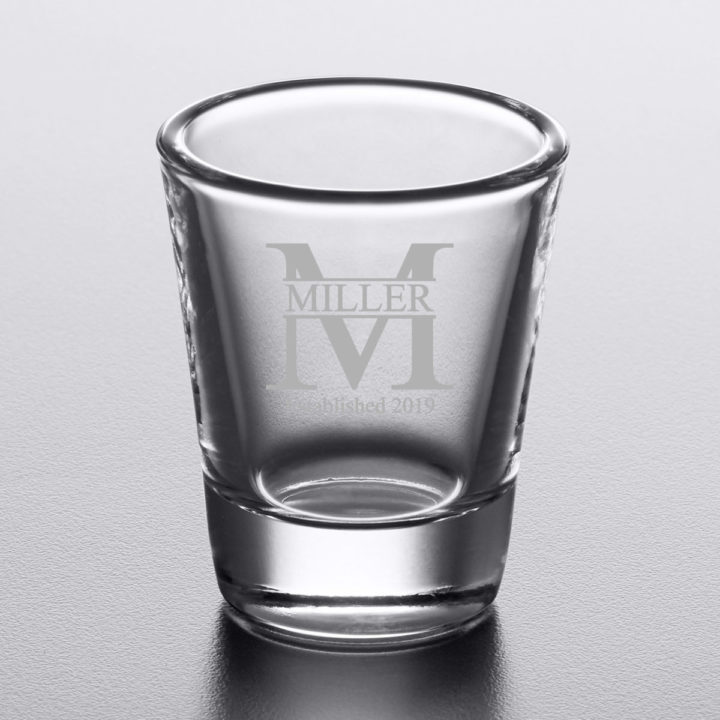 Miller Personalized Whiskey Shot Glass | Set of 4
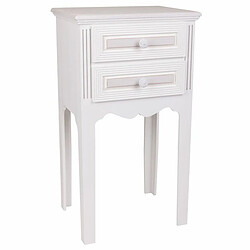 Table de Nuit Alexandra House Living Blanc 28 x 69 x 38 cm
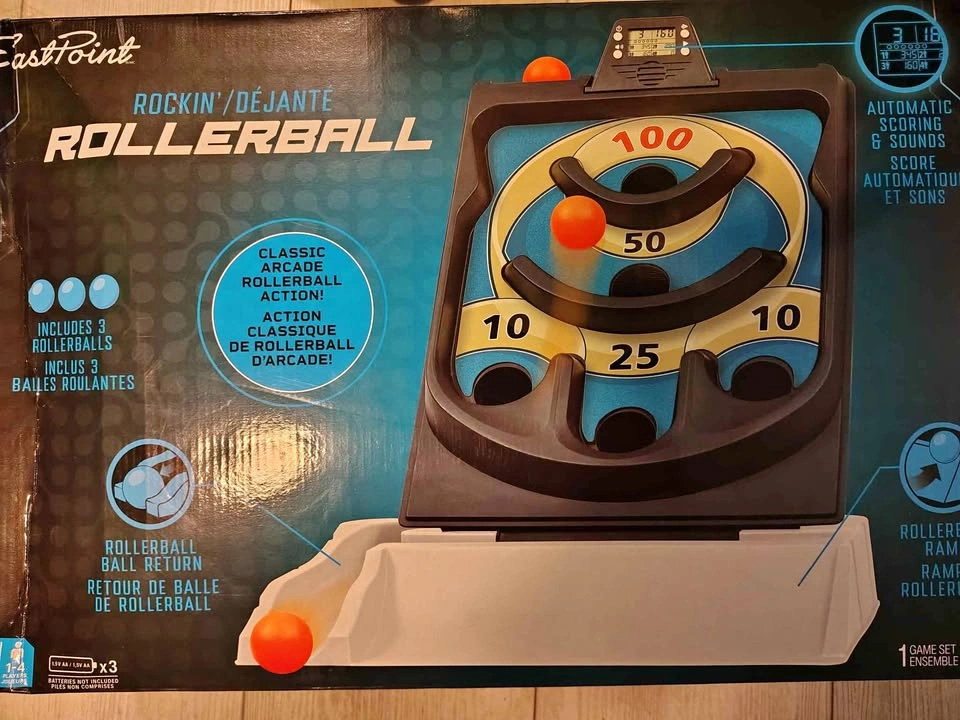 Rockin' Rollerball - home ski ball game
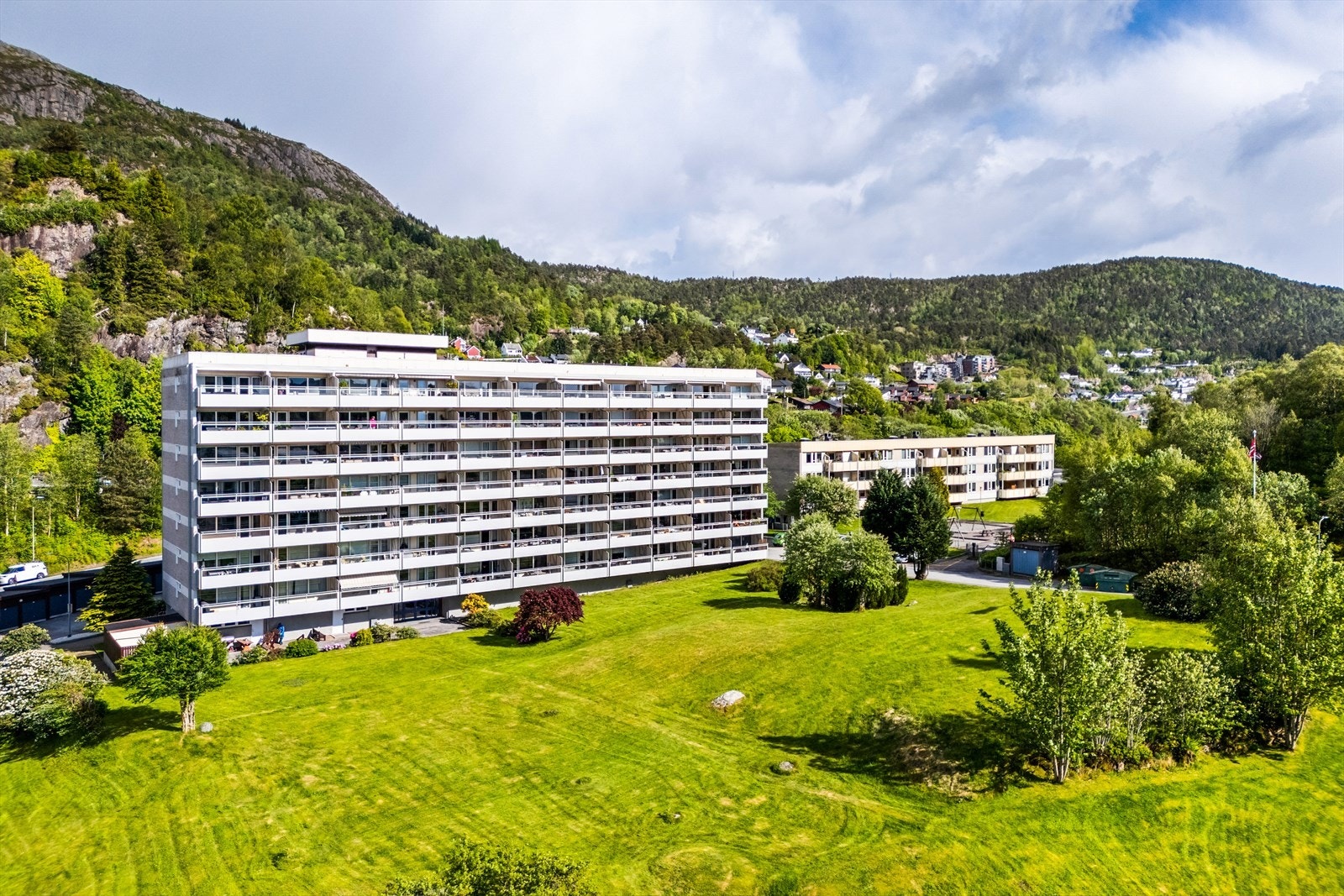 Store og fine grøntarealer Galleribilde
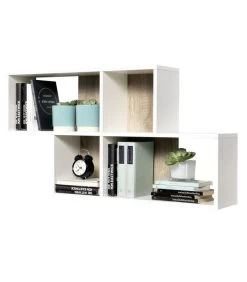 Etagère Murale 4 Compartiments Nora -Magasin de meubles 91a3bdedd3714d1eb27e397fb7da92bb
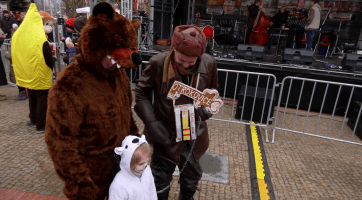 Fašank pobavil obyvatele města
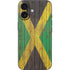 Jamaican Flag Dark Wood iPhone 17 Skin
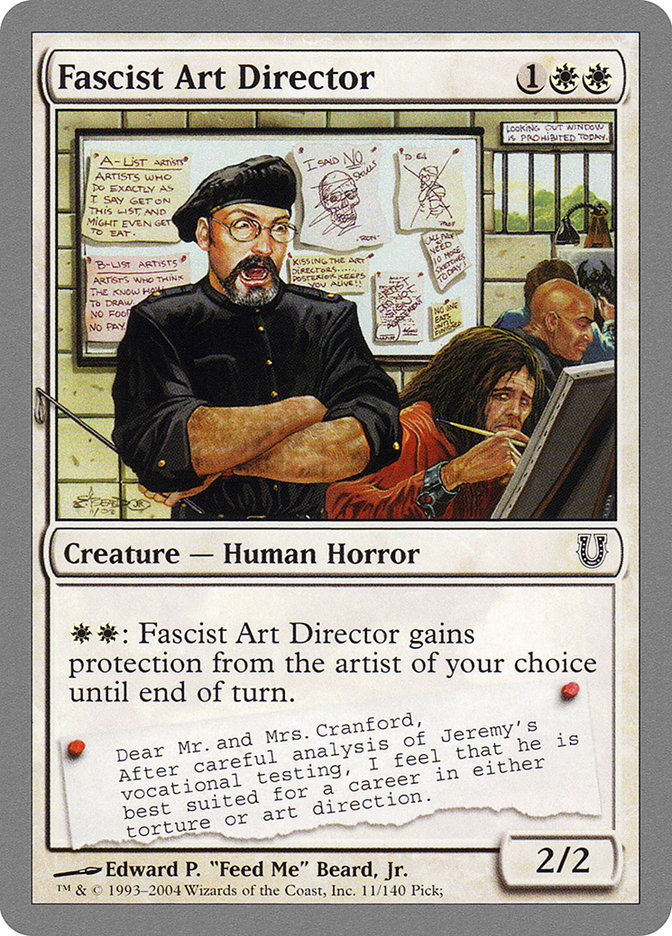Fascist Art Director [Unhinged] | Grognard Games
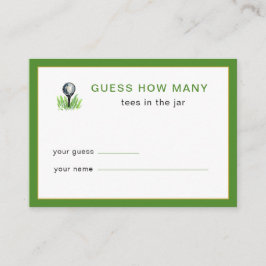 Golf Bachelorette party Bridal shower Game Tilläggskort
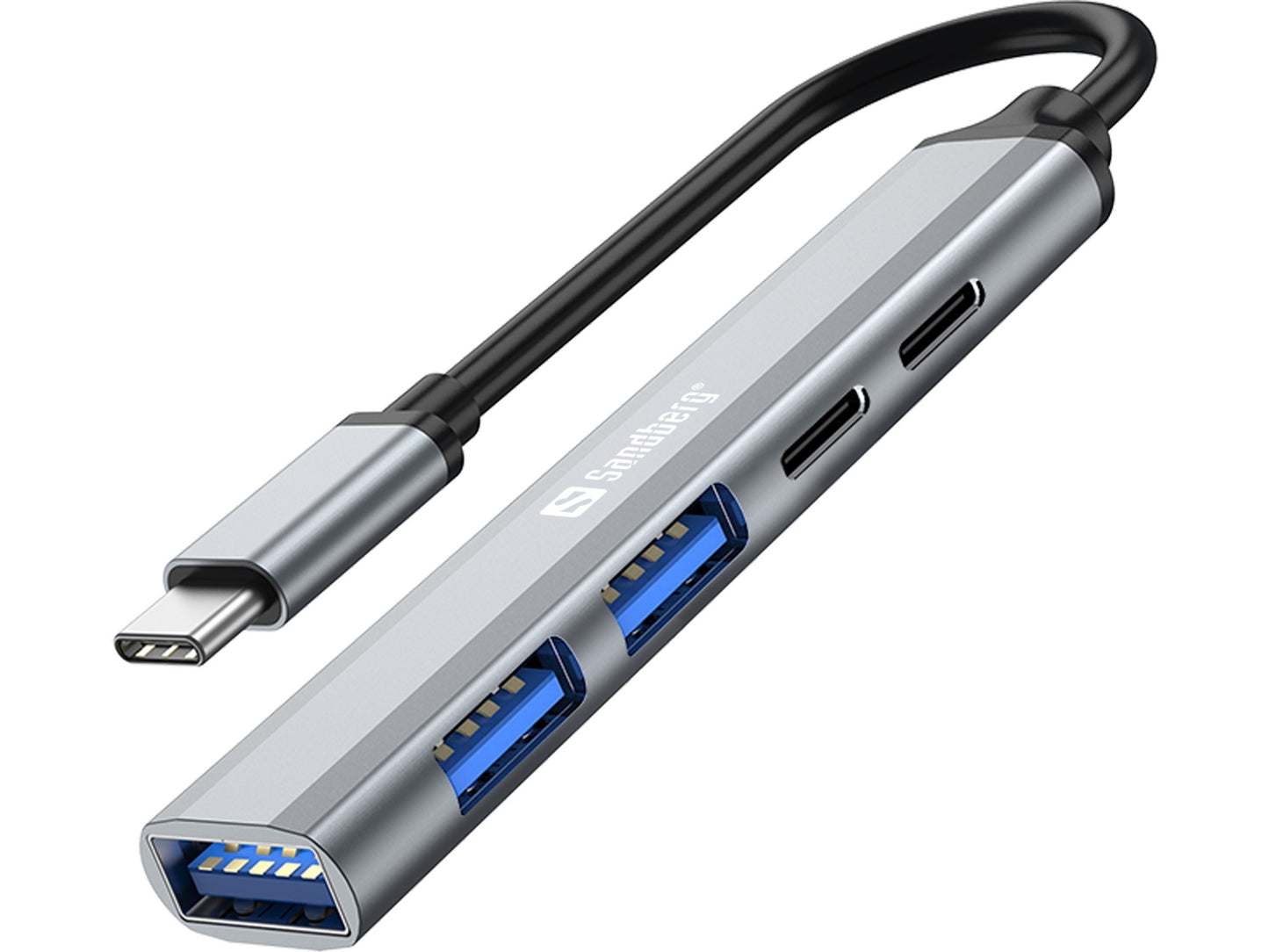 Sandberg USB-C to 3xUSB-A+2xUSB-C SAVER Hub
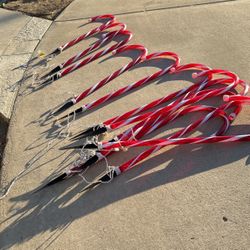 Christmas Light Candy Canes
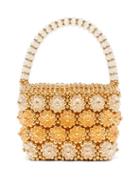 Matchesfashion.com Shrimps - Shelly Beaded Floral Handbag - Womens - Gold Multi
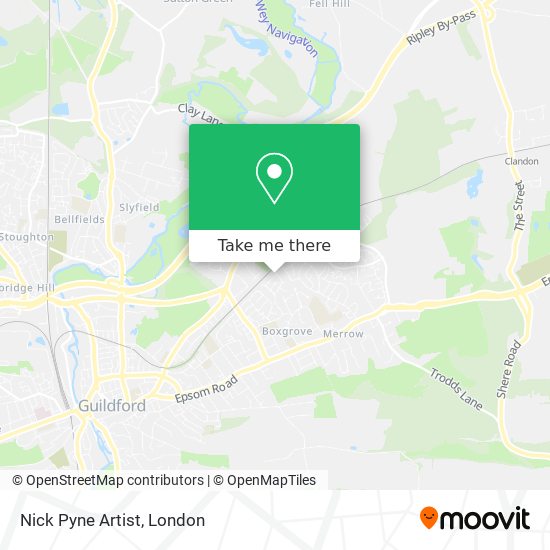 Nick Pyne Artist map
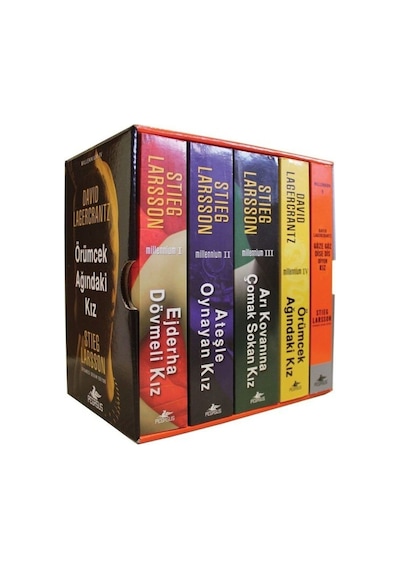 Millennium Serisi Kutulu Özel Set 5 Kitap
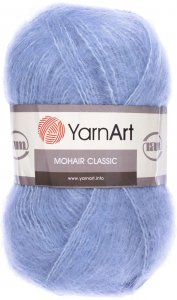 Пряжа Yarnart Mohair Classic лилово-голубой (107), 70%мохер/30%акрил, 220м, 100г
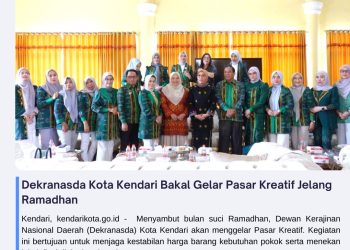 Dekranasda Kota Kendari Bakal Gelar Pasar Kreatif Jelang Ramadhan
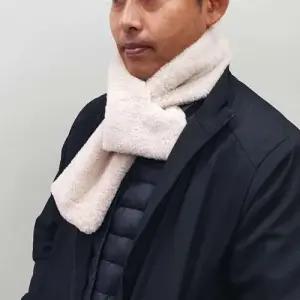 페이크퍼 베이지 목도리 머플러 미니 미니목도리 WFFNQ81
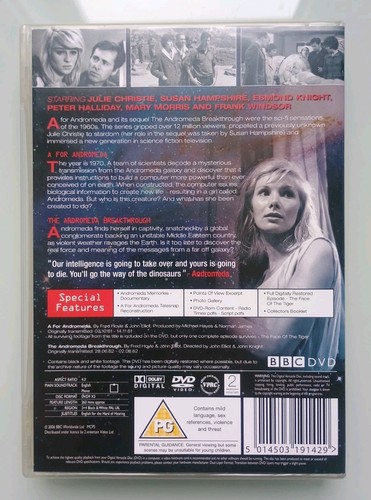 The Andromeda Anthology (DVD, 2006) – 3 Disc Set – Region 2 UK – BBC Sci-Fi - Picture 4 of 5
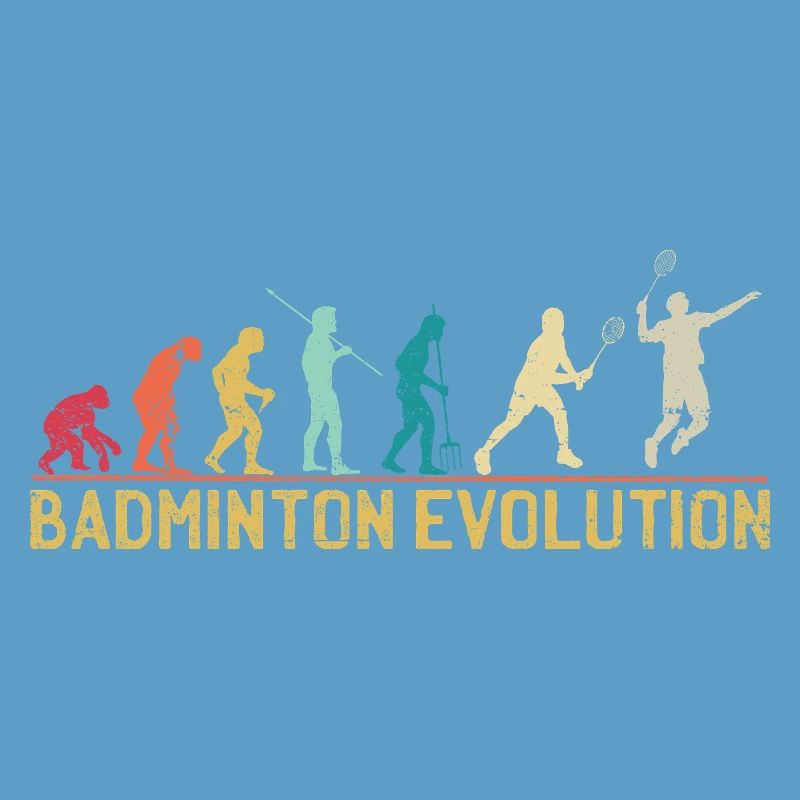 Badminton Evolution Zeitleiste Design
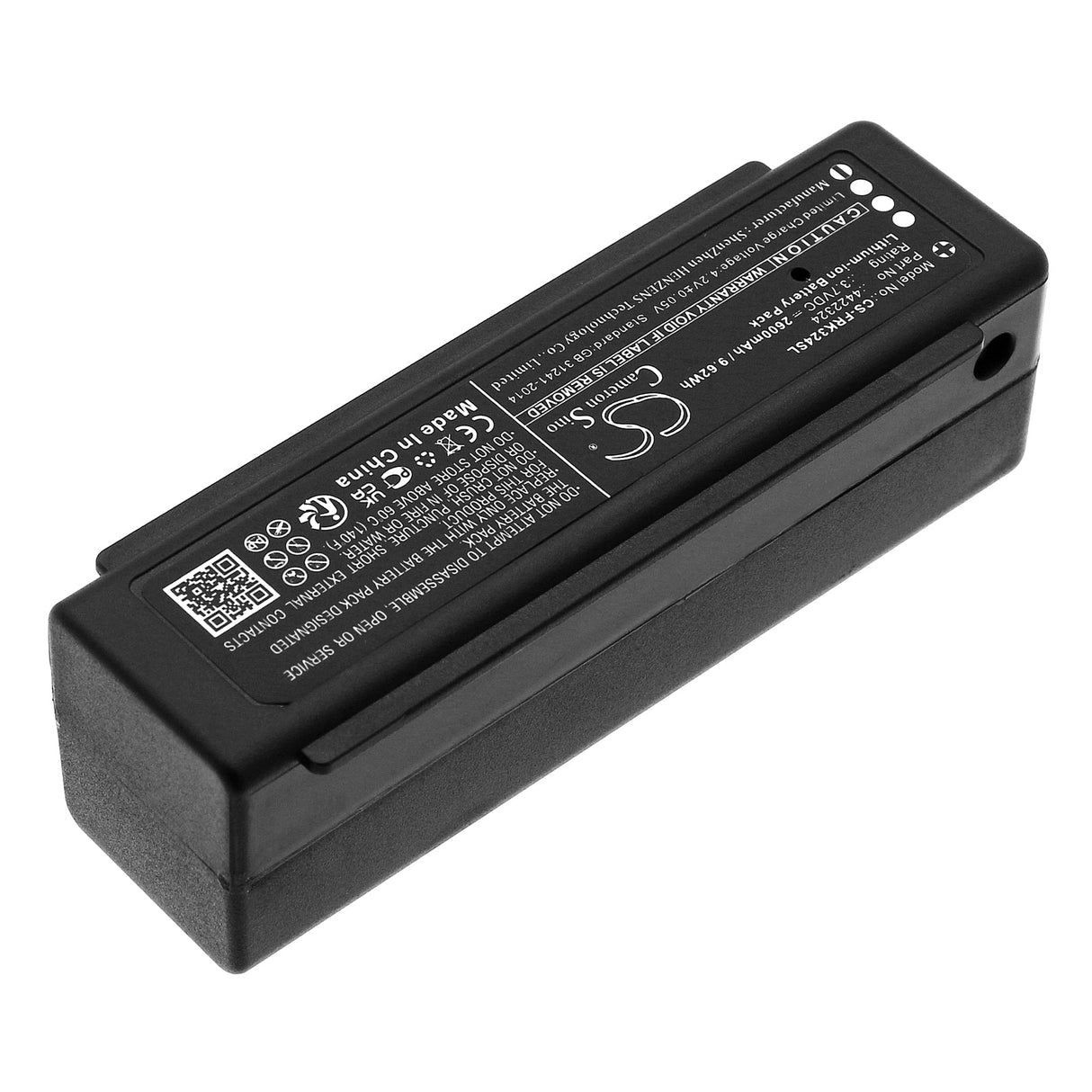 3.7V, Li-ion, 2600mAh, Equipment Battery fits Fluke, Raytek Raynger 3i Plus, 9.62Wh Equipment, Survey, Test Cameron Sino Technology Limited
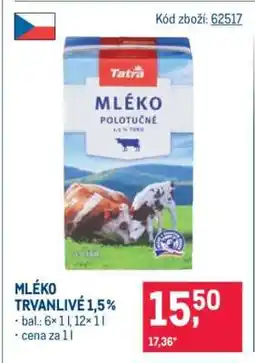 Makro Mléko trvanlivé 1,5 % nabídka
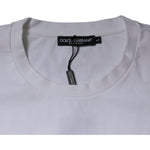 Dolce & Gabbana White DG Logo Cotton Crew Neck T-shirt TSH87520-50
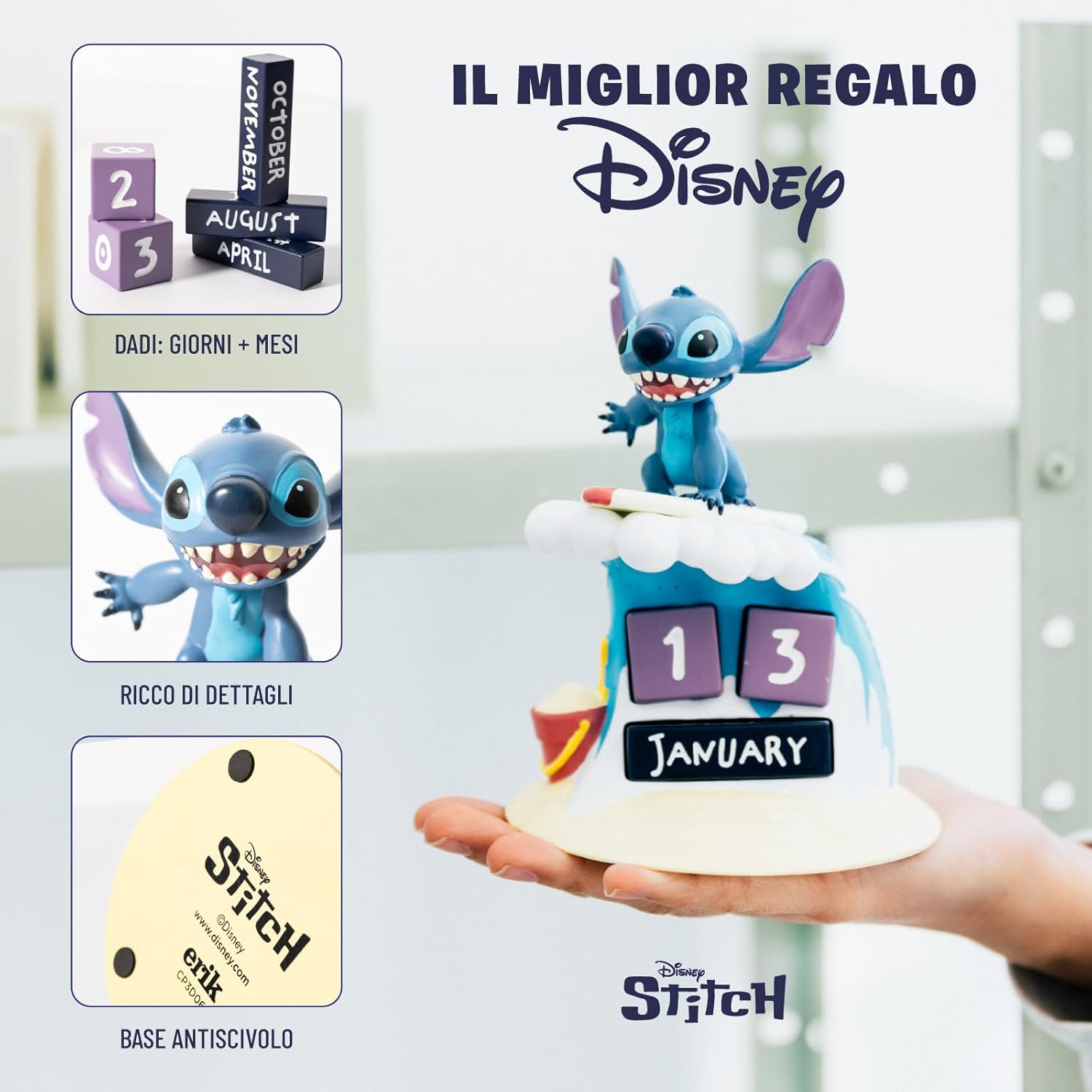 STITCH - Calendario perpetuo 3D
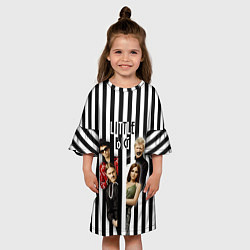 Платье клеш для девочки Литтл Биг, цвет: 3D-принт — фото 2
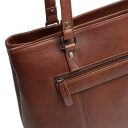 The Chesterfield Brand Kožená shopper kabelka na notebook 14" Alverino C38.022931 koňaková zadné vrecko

● Task brief
Set down the material exactly as given, but print none of the pictures.

● Problem solution
 Miller Personalized Whiskey Shot Glass | Set of 4
 Table de Nuit Alexandra House Living Blanc 28 x 69 x 38 cm
 Rockin' Rollerball - home ski ball game
 Store og fine grøntarealer Galleribilde
 Etagère Murale 4 Compartiments Nora -Magasin de meubles 91a3bdedd3714d1eb27e397fb7da92bb
 Fašank pobavil obyvatele města
 Jamaican Flag Dark Wood iPhone 17 Skin
Fascist Art Director [Unhinged] | Grognard Games
 Golf Bachelorette party Bridal shower Game Tilläggskort
 Sandberg USB-C to 3xUSB-A+2xUSB-C SAVER Hub
 Christmas Light Candy Canes
 Matchesfashion.com Shrimps - Shelly Beaded Floral Handbag - Womens - Gold Multi
 Nick Pyne Artist map
 Millennium Serisi Kutulu Özel Set 5 Kitap
 Пряжа Yarnart Mohair Classic лилово-голубой (107), 70%мохер/30%акрил, 220м, 100г
 Dekranasda Kota Kendari Bakal Gelar Pasar Kreatif Jelang Ramadhan
 페이크퍼 베이지 목도리 머플러 미니 미니목도리 WFFNQ81
 The Andromeda Anthology (DVD, 2006) – 3 Disc Set – Region 2 UK – BBC Sci-Fi - Picture 4 of 5
 Badminton Evolution Zeitleiste Design
 3.7V, Li-ion, 2600mAh, Equipment Battery fits Fluke, Raytek Raynger 3i Plus, 9.62Wh Equipment, Survey, Test Cameron Sino Technology Limited
 Makro Mléko trvanlivé 1,5 % nabídka
 Dolce & Gabbana White DG Logo Cotton Crew Neck T-shirt TSH87520-50
 STITCH - Calendario perpetuo 3D
 Платье клеш для девочки Литтл Биг, цвет: 3D-принт — фото 2
 The Chesterfield Brand Kožená shopper kabelka na notebook 14" Alverino C38.022931 koňaková zadné vrecko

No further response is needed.